- [WHAT YOU HAVE TO DO]
Return the data below exactly, stopping after the line with "plot of chunk unnamed-chunk-4".

====== THE INPUT

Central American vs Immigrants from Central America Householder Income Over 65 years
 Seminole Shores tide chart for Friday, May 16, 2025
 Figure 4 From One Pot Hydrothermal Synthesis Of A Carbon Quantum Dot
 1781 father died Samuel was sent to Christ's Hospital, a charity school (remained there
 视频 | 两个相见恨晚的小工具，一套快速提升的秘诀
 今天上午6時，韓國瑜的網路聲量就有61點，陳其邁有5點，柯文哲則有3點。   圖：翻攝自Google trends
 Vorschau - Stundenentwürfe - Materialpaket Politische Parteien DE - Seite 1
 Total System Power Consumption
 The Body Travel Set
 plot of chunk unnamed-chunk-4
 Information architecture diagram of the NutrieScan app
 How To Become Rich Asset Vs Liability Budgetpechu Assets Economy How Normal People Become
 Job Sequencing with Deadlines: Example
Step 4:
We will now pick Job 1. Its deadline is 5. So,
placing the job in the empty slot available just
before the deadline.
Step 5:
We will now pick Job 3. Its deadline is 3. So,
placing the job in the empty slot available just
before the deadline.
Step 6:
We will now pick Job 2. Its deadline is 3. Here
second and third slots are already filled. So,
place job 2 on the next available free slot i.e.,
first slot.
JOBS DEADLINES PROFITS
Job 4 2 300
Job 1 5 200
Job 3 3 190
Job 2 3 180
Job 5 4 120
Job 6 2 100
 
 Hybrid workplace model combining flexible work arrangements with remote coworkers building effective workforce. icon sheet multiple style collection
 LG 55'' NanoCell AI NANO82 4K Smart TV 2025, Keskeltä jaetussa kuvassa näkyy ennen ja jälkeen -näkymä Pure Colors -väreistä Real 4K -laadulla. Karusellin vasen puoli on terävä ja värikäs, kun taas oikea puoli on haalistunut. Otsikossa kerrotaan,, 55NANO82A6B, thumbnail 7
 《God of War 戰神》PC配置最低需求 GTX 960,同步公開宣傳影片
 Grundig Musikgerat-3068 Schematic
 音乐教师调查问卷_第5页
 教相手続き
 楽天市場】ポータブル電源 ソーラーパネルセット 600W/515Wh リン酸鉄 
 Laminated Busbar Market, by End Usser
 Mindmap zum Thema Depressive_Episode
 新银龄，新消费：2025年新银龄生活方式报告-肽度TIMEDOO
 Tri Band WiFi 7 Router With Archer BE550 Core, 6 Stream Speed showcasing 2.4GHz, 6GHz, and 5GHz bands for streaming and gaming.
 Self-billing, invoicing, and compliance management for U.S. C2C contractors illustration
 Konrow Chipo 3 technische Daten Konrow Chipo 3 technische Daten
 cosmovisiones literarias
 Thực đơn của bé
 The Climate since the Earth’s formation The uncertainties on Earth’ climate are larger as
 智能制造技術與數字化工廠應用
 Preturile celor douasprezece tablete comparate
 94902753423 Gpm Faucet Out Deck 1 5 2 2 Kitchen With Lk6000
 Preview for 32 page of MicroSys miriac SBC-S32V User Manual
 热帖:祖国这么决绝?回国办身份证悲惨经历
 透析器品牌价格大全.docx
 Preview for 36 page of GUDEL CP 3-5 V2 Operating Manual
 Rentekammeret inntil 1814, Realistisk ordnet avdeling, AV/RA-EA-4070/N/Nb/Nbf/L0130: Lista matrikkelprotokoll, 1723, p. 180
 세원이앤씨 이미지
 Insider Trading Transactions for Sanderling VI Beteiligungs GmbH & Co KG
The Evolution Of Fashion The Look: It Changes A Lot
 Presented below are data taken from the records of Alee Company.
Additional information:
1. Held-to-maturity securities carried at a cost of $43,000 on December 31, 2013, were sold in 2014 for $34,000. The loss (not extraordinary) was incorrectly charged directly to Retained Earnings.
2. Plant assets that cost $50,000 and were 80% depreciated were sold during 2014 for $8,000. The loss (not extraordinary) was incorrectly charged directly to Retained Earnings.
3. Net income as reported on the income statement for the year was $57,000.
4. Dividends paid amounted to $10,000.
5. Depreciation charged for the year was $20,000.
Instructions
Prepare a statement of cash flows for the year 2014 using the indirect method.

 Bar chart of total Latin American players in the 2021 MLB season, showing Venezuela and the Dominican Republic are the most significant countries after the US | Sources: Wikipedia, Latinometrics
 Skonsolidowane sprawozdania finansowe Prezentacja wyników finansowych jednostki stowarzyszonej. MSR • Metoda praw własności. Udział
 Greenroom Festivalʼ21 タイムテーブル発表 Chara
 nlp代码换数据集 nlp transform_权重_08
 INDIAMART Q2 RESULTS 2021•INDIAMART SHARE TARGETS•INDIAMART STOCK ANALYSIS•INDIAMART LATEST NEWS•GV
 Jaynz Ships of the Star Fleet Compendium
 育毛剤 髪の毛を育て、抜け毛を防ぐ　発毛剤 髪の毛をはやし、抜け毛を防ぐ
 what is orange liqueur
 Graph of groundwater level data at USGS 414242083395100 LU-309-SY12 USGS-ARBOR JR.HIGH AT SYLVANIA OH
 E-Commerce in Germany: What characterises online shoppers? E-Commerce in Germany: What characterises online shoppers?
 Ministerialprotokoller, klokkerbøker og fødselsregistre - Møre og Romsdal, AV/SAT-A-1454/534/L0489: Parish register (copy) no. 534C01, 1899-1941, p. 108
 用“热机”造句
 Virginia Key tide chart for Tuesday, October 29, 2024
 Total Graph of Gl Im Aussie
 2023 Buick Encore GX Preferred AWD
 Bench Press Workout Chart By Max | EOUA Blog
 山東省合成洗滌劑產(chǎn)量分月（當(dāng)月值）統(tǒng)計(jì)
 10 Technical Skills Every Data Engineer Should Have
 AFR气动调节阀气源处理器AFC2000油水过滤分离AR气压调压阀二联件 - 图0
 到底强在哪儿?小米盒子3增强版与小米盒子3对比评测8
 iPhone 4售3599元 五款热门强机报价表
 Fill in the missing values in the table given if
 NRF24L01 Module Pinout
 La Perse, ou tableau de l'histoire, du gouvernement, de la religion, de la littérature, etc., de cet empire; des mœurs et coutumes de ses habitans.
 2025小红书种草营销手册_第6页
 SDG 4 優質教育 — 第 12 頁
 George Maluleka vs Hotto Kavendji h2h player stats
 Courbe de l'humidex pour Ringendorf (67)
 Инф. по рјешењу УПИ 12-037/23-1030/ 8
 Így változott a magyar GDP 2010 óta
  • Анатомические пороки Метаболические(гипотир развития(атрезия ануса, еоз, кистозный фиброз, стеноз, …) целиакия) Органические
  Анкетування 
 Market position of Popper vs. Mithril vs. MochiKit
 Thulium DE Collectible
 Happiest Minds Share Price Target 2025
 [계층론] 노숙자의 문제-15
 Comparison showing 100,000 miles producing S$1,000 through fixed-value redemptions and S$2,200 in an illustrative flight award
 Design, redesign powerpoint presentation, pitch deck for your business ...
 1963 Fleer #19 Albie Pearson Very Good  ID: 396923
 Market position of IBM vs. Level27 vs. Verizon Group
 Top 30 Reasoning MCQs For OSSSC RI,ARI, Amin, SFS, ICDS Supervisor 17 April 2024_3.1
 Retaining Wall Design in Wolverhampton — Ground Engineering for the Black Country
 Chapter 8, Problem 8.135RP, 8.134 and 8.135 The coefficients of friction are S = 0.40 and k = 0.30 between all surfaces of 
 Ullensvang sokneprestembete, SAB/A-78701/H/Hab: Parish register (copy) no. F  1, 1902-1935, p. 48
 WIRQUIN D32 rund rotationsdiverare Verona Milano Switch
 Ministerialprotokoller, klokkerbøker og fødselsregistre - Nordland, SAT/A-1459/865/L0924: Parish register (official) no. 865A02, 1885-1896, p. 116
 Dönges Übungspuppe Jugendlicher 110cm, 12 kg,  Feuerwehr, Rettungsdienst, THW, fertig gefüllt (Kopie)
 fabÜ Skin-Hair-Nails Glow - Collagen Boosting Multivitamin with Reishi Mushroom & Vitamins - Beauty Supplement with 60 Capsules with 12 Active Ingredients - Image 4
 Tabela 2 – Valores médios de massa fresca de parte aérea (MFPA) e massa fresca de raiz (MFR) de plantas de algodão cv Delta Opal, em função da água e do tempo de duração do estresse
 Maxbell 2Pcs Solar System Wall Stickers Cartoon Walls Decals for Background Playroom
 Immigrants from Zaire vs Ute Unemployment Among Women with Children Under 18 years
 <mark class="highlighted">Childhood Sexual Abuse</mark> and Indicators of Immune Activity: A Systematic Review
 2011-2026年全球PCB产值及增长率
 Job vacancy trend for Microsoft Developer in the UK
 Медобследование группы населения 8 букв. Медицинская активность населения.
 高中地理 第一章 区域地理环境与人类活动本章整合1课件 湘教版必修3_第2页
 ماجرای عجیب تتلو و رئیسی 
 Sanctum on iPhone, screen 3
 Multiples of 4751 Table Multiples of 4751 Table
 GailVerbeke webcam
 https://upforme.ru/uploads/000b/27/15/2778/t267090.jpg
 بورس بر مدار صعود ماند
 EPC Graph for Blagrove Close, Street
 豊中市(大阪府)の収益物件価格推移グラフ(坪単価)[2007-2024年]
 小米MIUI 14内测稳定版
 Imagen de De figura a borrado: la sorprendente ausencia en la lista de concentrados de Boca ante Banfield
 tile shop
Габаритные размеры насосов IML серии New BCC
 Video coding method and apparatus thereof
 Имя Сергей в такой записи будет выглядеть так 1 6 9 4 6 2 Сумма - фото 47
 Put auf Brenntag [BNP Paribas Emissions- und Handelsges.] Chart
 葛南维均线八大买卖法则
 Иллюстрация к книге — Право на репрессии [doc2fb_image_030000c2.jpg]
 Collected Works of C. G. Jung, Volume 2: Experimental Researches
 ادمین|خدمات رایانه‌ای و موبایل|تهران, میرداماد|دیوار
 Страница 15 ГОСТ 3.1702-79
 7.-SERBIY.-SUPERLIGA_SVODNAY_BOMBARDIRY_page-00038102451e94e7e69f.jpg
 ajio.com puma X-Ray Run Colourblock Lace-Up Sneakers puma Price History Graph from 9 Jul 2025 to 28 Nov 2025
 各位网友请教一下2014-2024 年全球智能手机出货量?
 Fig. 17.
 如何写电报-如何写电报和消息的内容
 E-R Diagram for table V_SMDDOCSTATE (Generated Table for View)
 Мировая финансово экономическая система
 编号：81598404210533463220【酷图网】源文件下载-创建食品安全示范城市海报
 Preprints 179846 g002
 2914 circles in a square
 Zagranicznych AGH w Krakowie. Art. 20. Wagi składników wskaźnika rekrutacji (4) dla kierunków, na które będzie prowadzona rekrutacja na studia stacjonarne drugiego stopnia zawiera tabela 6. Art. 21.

============

- [EXERCISE RESULT]
Central American vs Immigrants from Central America Householder Income Over 65 years
 Seminole Shores tide chart for Friday, May 16, 2025
 Figure 4 From One Pot Hydrothermal Synthesis Of A Carbon Quantum Dot
 1781 father died Samuel was sent to Christ's Hospital, a charity school (remained there
 视频 | 两个相见恨晚的小工具，一套快速提升的秘诀
 今天上午6時，韓國瑜的網路聲量就有61點，陳其邁有5點，柯文哲則有3點。   圖：翻攝自Google trends
 Vorschau - Stundenentwürfe - Materialpaket Politische Parteien DE - Seite 1
 Total System Power Consumption
 The Body Travel Set
 plot of chunk unnamed-chunk-4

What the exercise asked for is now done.